A pitch deck is a series of words and images that illustrate a venture’s story and business model. Entrepreneurs have used them to raise money, recruit employees, and close customers, partners, and suppliers. They represent everything that is valuable about the startup—the vision, the team behind that vision, the core elements of its business model, and the insights into the customer that the venture plans to take advantage of and the industry that the venture hopes to disrupt.
There are two kinds of pitch decks
- Presentation deck: A visual to assist your oral presentation in an investor meeting.
- Reading deck: A more thorough and detailed deck that can be read and understood without you there.
The Building Blocks of a Pitch Deck
The building blocks of a pitch deck are the slides. Each slide highlights a different aspect of the venture and furthers the plot of the pitch. These are the essential ten (not including your cover page):
- Overview: The company overview is your “ elevator pitch”—the fifteen-second version of your deck. It gives your audience a small taste of what your company does but leaves them hungry for more.

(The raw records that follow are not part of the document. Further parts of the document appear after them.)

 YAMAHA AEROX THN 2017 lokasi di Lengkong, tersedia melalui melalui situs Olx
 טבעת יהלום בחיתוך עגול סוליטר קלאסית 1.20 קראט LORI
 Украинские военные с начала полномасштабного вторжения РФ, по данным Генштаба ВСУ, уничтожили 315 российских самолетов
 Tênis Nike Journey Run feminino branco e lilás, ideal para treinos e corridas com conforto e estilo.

- Opportunity: The opportunity slide describes your industry, and how your business will work within it.
- Problem: Entrepreneurship, at its core, is about solving problems. The bigger the problem, the better. In your problem slide, describe the problem you are solving and how and why that problem is painful. Bear in mind that People don’t empathize with big, general problems; they empathize with the struggles of specific people with names and faces.
- Solution: Now, it is time to pull out all the stops. Show them your magic, your one-of-a-kind solution to the problem. You want the investors to marvel at it.

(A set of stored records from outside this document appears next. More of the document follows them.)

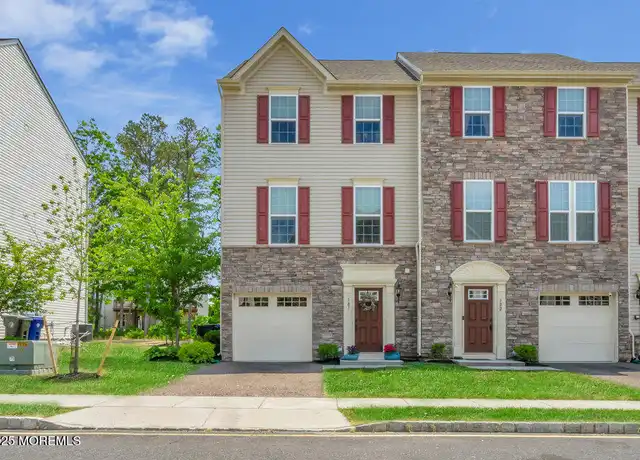 Property at 101 Susquehanna St, Toms River, NJ, 08755, 3 beds, 2.5 baths, [object Object]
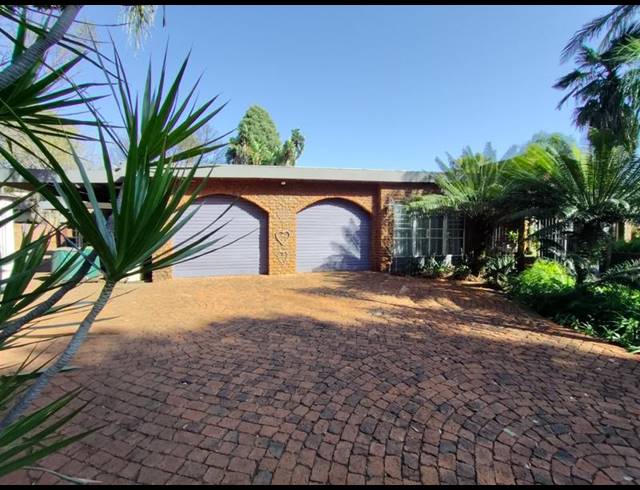 4 BEDROOM HOUSE FOR SALE IN KARENPARK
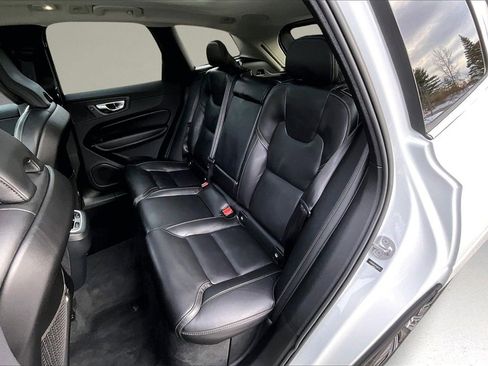 Certified 2023 Volvo XC60 B6 Ultimate w/ Climate Package image 22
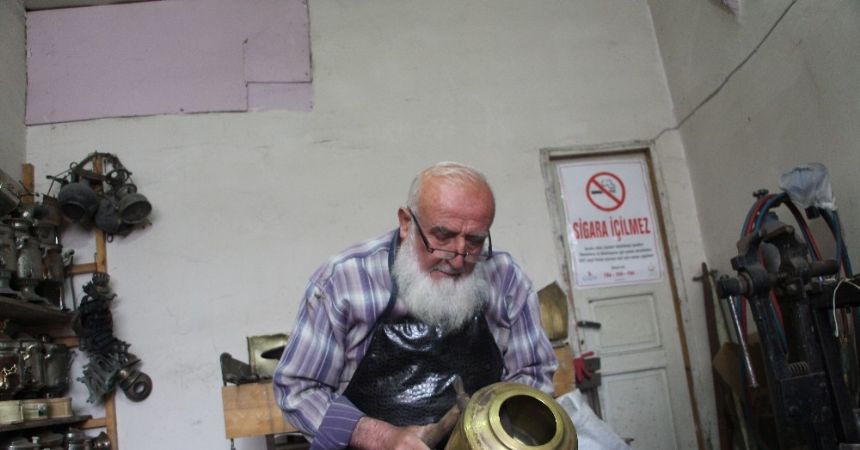 65 yıldır çekiç sallıyor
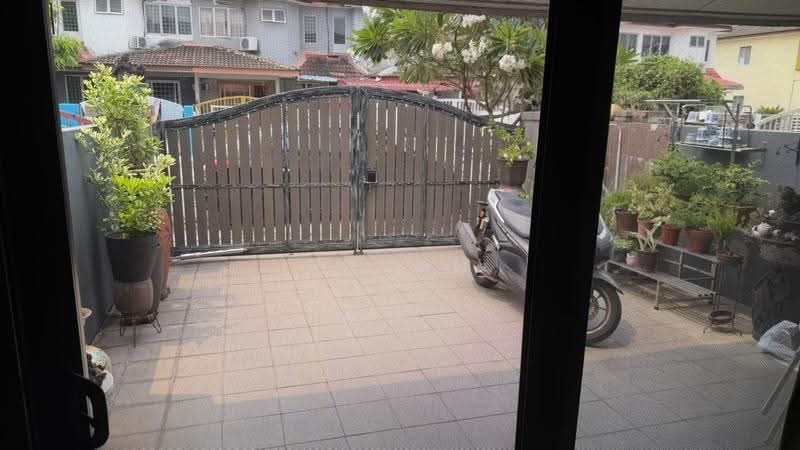 2-storey Terraced House for Sale in TAMAN PUCHONG UTAMA (Puchong) - Bryan Cho - Exterior - PropertyGuru.com.my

- Traction: The goal of this slide is to demonstrate that each of your assumptions about the venture is proving true and you are making significant progress. The most common way to show traction is through growing sales or users, but you can also focus on other key metrics you have identified. Traction helps convince an investor that the idea is going to be a success no matter what.
- Customer or Market: in this slide, you demonstrate how well you know your customers and the market they represent. Describe where they live, what they like to do, and how much they would be willing to spend.
- Competition: Every venture has competition. List competitors and describe how each competes in the market. Then, show what differentiates you from competitors and what advantage you have over them. Many founders find it helpful to create a map of the competitive landscape, using important aspects of the product.
- Business Model: Don’t worry; showing how the business makes money is much simpler than you think. Pre-revenue companies may have the good fortune of making up assumptions and financials, but that is not an excuse for having unrealistic projections. However, it should include the important aspects such as revenue, gross profit, earnings before interest, taxes, depreciation, and amortization (EBITDA), net income, burn rate, and cash flow.
- Team: In the team slide, you want to give the background for each of the key team members, including their current roles, prior experience, significant accomplishments, and education.
- Use of Funds: A good pitch deck has a clear ask of the investor. This is married with an understanding of what the investor gets in return and what the money will be used for. Spell out how you actually plan to use the money you are asking for.